1.3.3 Implementation of soil app

Soil data forms a crucial parameter in the water budget results. The more is water holding capacity of the soil more is the runoff, and less is the groundwater recharge. This work aims to analyze the soil type used in the model and the actual ground values and their respective impact. It was found that the model soil values taken from MRSAC have more clayey content resulting in the less groundwater recharge and more runoff.

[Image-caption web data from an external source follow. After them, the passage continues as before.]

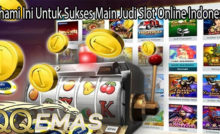 Pahami Ini Untuk Sukses Main Judi Slot Online Indonesia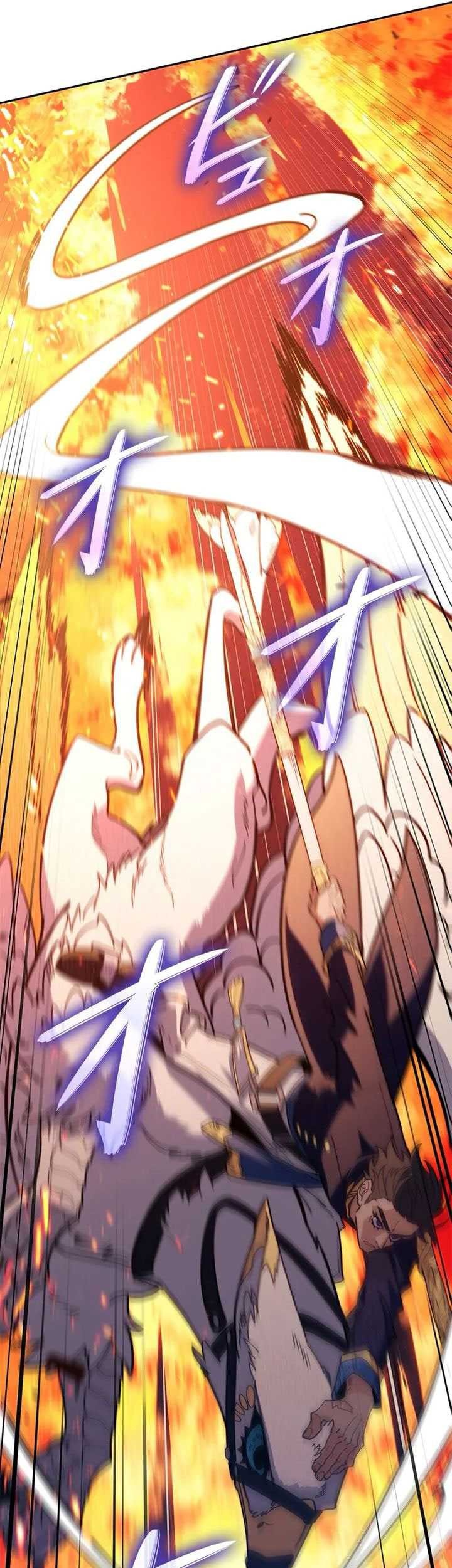 White Dragon Duke: Pendragon Chapter 124 Gambar 58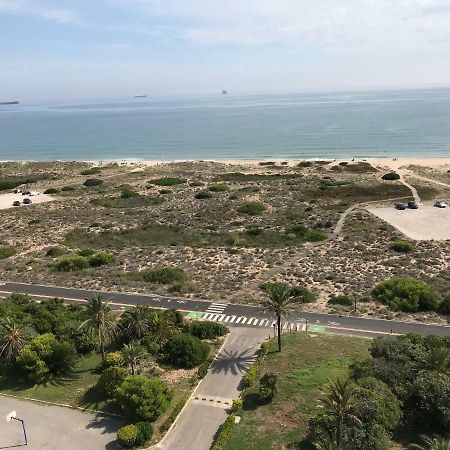 Gran Apartamento, Un Lujo En Playa El Saler - Valencia מראה חיצוני תמונה
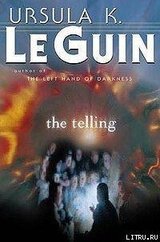 The Telling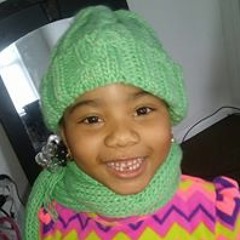 Myra Luvn AMyjae Pitts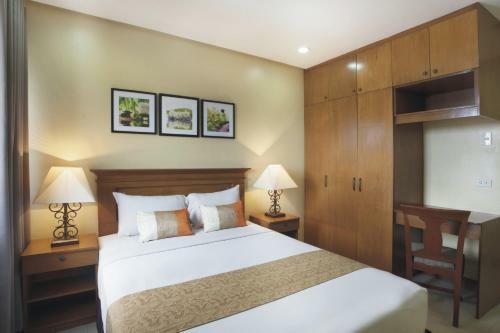 Aparthotel Sta. Barbara Suites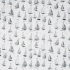 St Ives Coral Fabric by Prestigious Textiles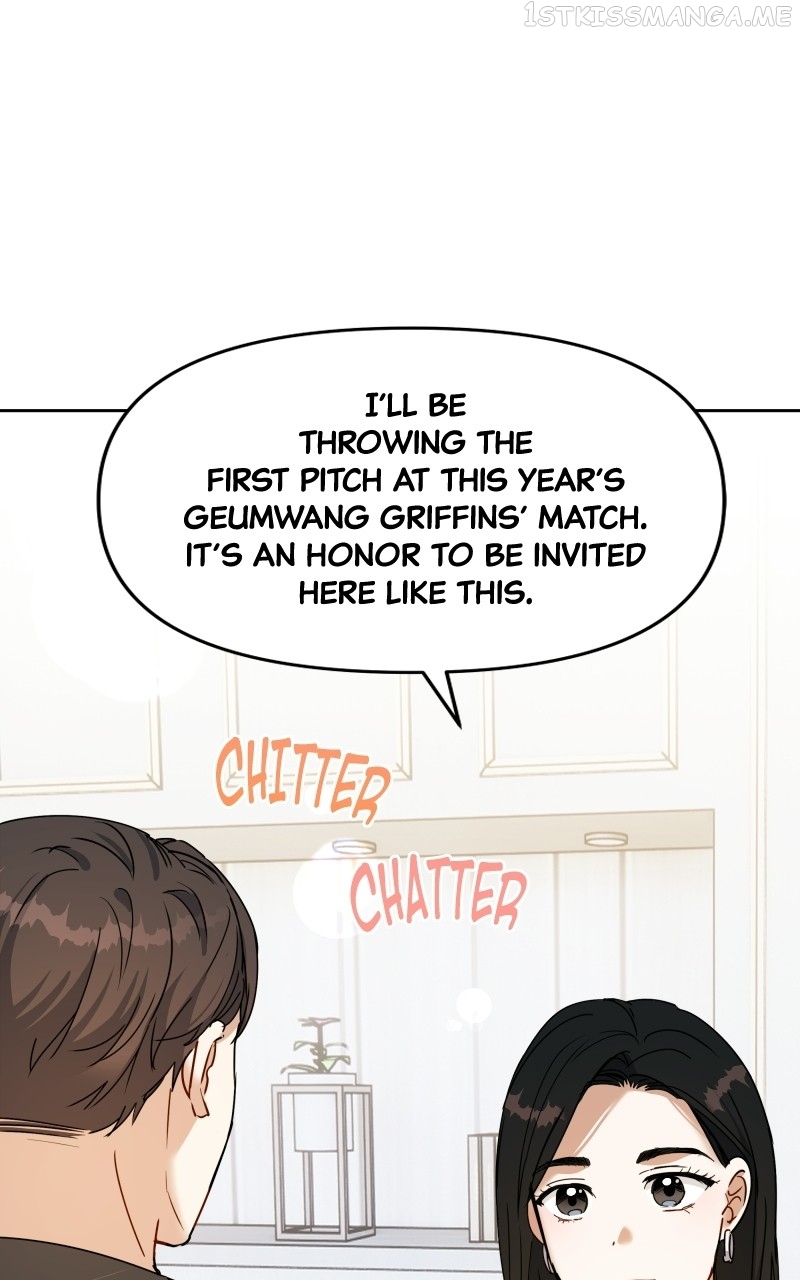 A Prenuptial Contract Chapter 57 - page 28
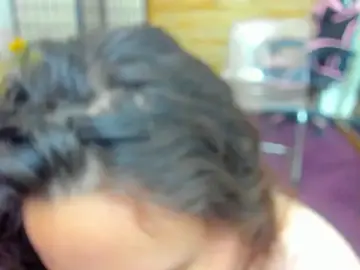 Stripchat Live Porn of AishaRouhi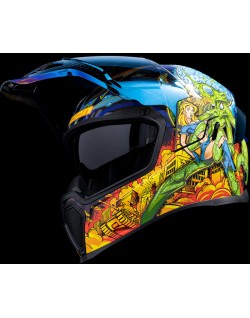 HLMT AFLT BUG-BLITZ BL XL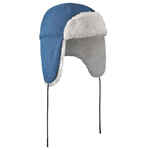 Skijaška kapa za odrasle Trapper plava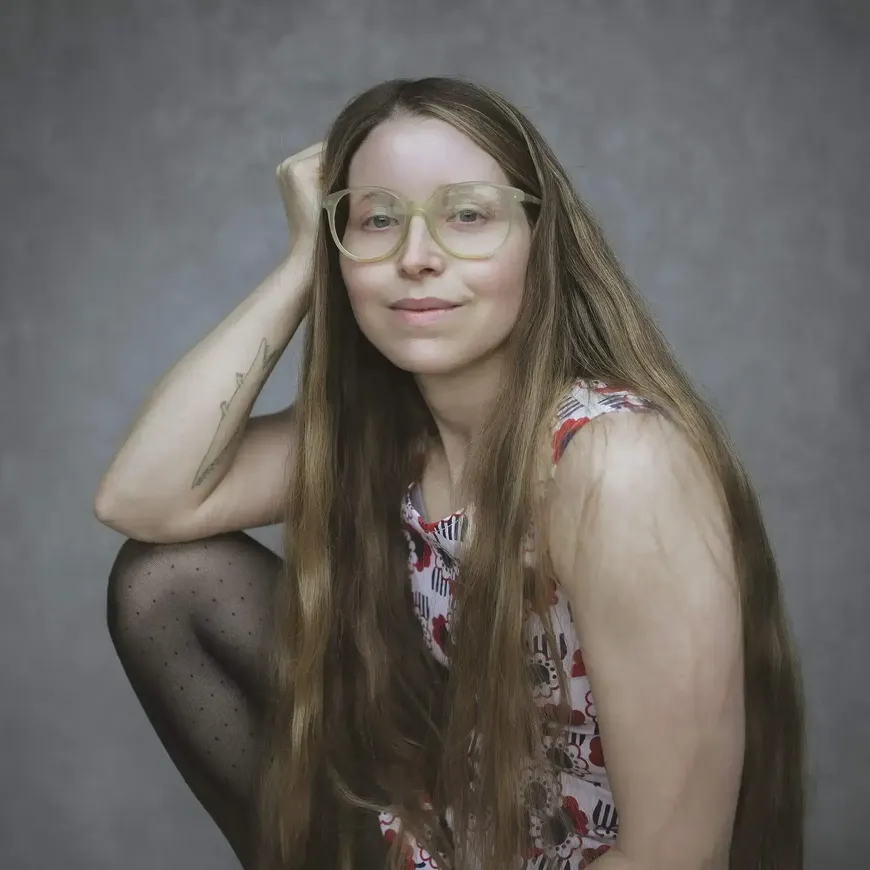 Jessie Cave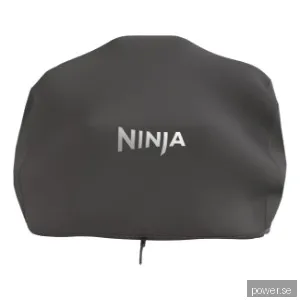 Ninja Woodfire XL grillöverdrag XSKOGXLCVREU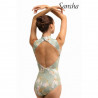 Maillot de ballet Cunégonde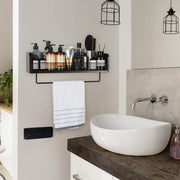 Wall Mount Rack
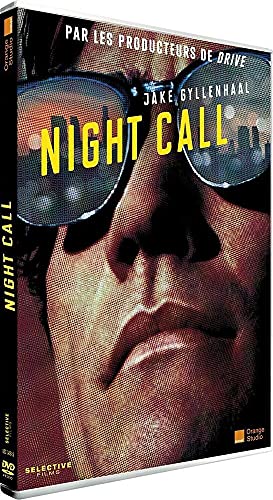 Night Call - Jeux Vidéo & Consoles en promo à 12.08€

The outputs are so tuned in the water budget to meet the ground truth.

This brings us to the need of resampling the soil data which will be now done by NBSS&LUP in their new MoU signed with PoCRA, GoM. Our work is to build a soil sampling application as shown in fig.1.8 which will take the soil and other related data as input as perceived by the farmer who will be used to interpolate at a broader scale concerning the NBSS&LUP data. This will act as a validation of the primary data from the secondary data.

Figure 1.7: Login Soil

Figure 1.8: User Input 1

1.3.4 Automation of zones

Recall that the water budget fed into the MLP plan during micro planning activity has zone level water balance. These zones are nothing but the spatial variations of the area being captured to distinguish them from other zones. The parameter for zoning is mini-watershed. A procedure is formulated to build zones as shown in fig.1.9 given a DEM and cluster boundary as the input. The conflicts in the previous zoning procedure are handled by assigning an additional merging parameter to zone in the recent approach. The details of zoning can be found in the subsequent sections.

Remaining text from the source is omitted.